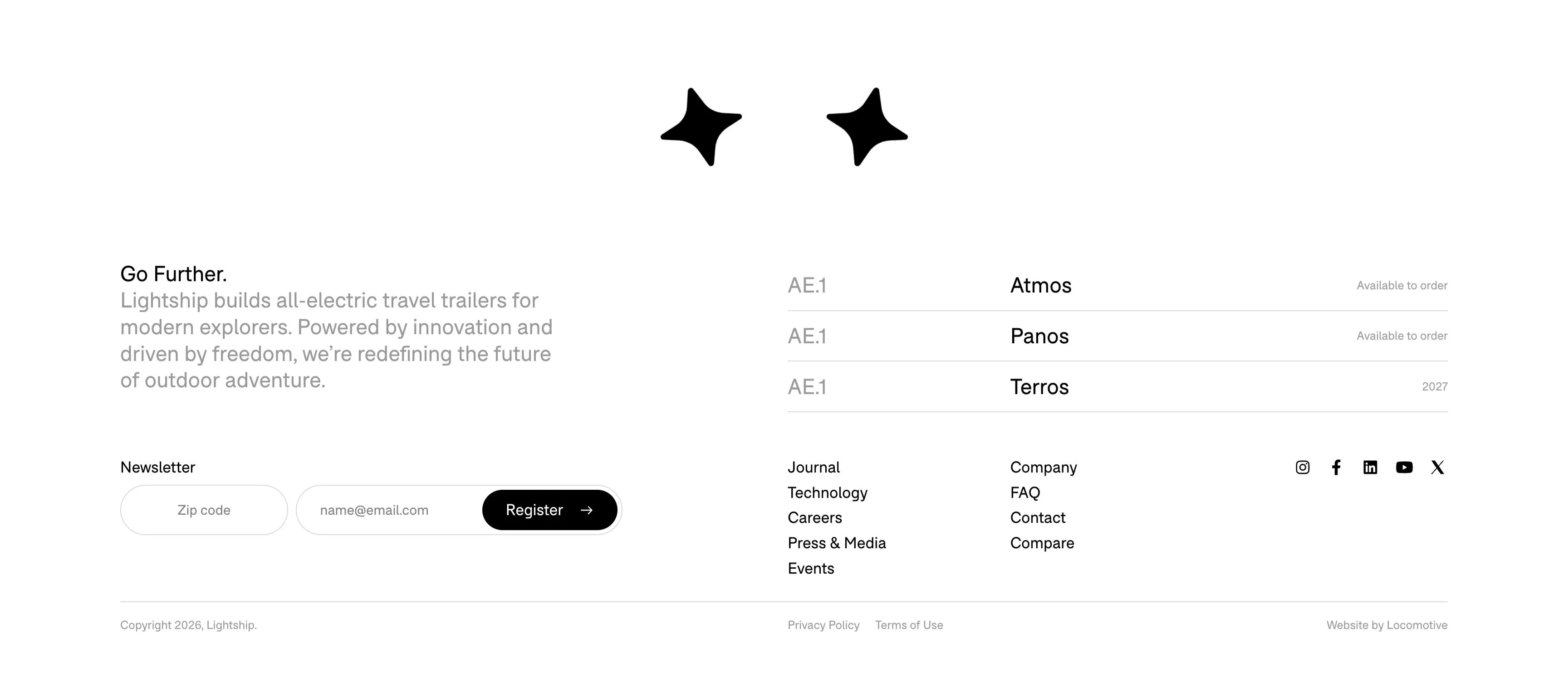 Footer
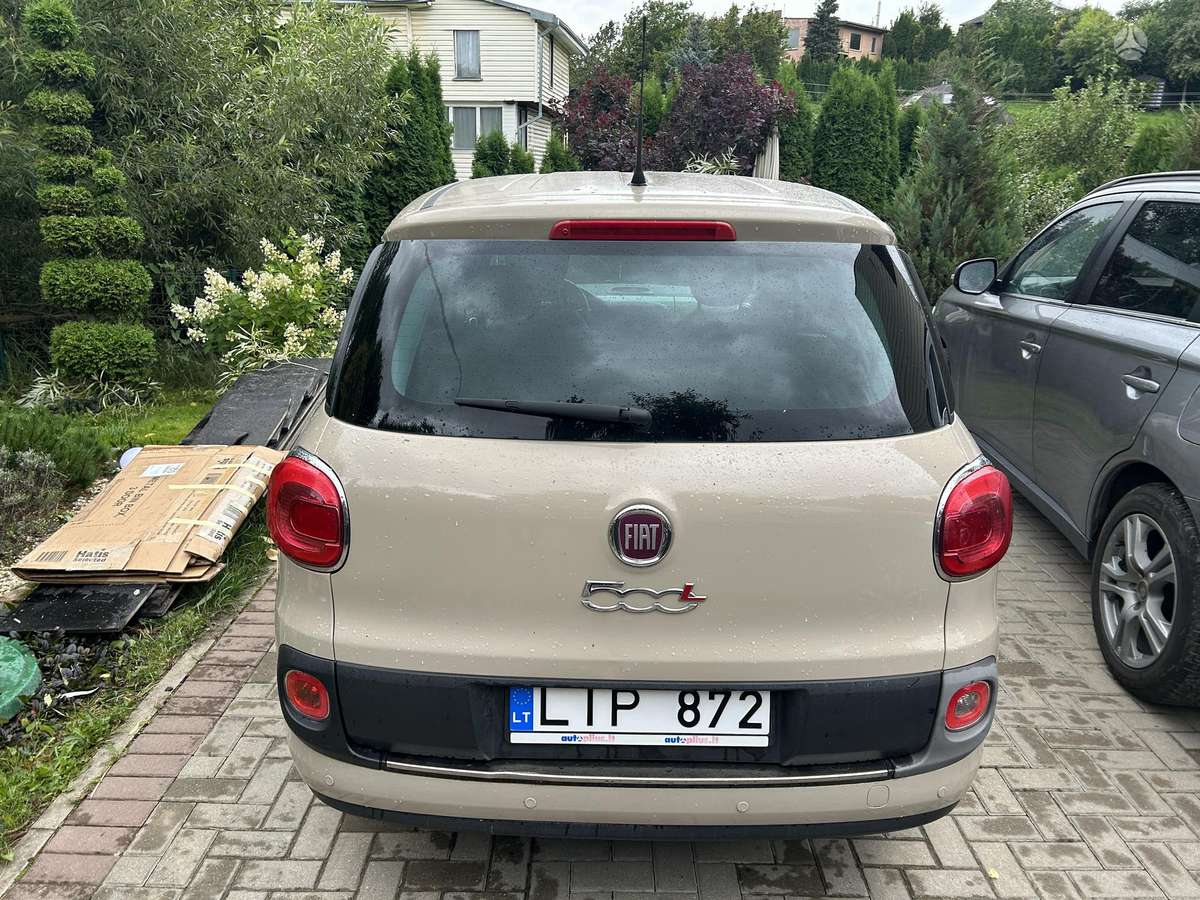 Fiat 500L 2014 — photo 5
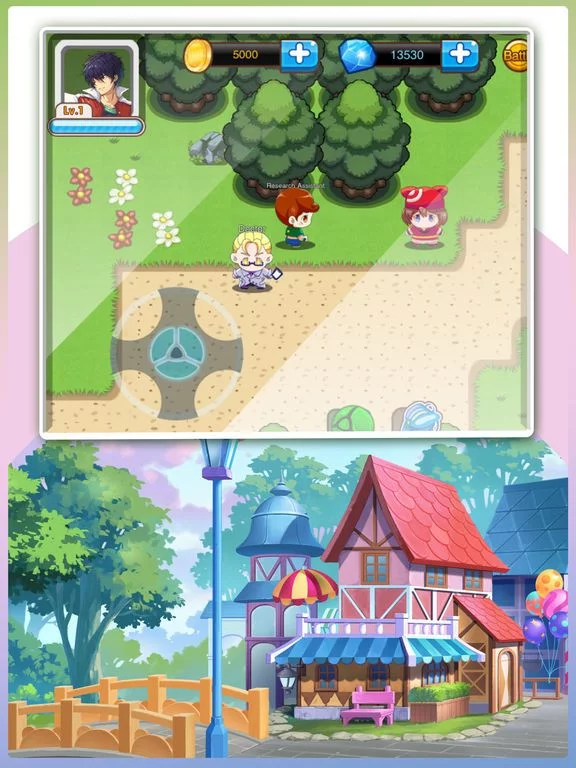 Изображение игры: Adventure of Masters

+--

## WORK TO BE COMPLETED
Please write out the entire listing above exactly, but leave the pictures out.

## COMPLETED EXERCISE
 Footer
 Fiat 500L 2014 — photo 5
 Изображение игры: Adventure of Masters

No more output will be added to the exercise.